Women (and men) are coming forward with their stories. Most of them had valid reasons for not coming forward before, whether it was out of fear, shame, helplessness, or simply because they didn’t think anyone would believe them. Thanks to the floodgates Harvey Weinstein’s accusers opened and the support the accusers are getting in the media and on social media, courage is finally getting the better of the men who used their power to prey on people.

The problem isn’t solved. In fact, we’re now faced with the rise of an old but persistent problem: false accusations. It’s now required in our society to believe first and question the accounts only if there’s a clear reason to do so.
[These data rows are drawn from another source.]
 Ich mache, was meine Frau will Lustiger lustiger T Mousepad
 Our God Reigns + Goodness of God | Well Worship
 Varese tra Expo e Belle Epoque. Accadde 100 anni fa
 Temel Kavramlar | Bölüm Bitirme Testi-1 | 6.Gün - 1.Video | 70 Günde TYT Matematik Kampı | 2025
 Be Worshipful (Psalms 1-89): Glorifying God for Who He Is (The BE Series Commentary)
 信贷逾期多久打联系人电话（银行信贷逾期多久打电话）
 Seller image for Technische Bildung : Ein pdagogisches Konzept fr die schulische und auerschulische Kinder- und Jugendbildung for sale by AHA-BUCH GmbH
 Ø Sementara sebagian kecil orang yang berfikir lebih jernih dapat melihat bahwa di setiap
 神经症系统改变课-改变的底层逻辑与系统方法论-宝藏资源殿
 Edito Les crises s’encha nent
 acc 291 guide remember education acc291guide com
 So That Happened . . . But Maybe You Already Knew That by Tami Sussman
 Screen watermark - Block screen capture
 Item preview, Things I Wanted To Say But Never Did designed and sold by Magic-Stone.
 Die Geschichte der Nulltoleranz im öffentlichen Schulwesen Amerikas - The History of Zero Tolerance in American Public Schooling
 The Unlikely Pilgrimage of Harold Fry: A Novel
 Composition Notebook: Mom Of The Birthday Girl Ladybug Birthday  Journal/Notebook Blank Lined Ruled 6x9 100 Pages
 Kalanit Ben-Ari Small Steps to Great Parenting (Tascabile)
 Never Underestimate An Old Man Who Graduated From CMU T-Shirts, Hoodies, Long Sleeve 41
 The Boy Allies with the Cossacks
That doesn’t mean every account is truly believed by everyone, but if you want to make enemies in the court of public opinion, call an accuser a liar without the ability to prove it.

What are we to do as a society? Do we believe every accusation? No. Some of them will be false and we must be discerning while being fair. Do we denounce all or most of them? No. The abundance of sexual misconduct accusations is a necessary polarizing force. It’s not what predators in power wanted, but it may have been necessary for us to finally overcome the biggest roadblock to redemption for the victims, the roadblock of “acceptance” of these predators as part of being human.

Standard operating procedure before the #MeToo uprising was for victims and those familiar with the crimes to report them, pretend they didn’t happen, or deal with them internally within an industry or other circumstance. Weinsten, for example, was known by a whole lot of people in Hollywood to do what he’s been accused of doing. Many actresses would warn other actresses about it, but until recently they wouldn’t speak out publicly. This is the thing that’s going to disappear in this brave new world of #MeToo. It’s no longer acceptable to just warn others in an industrial variation of internal housekeeping. Courage and support are now available to everyone. Suddenly, we’re expected to report every infraction.

Pandora’s Box has been opened on past and current sexual predators. As destructive as this will be on many industries and institutions from Hollywood to Washington DC, it’s absolutely necessary. In fact, it’s amazing that it’s taken this long to come to light. Welcome to the new sexual revolution.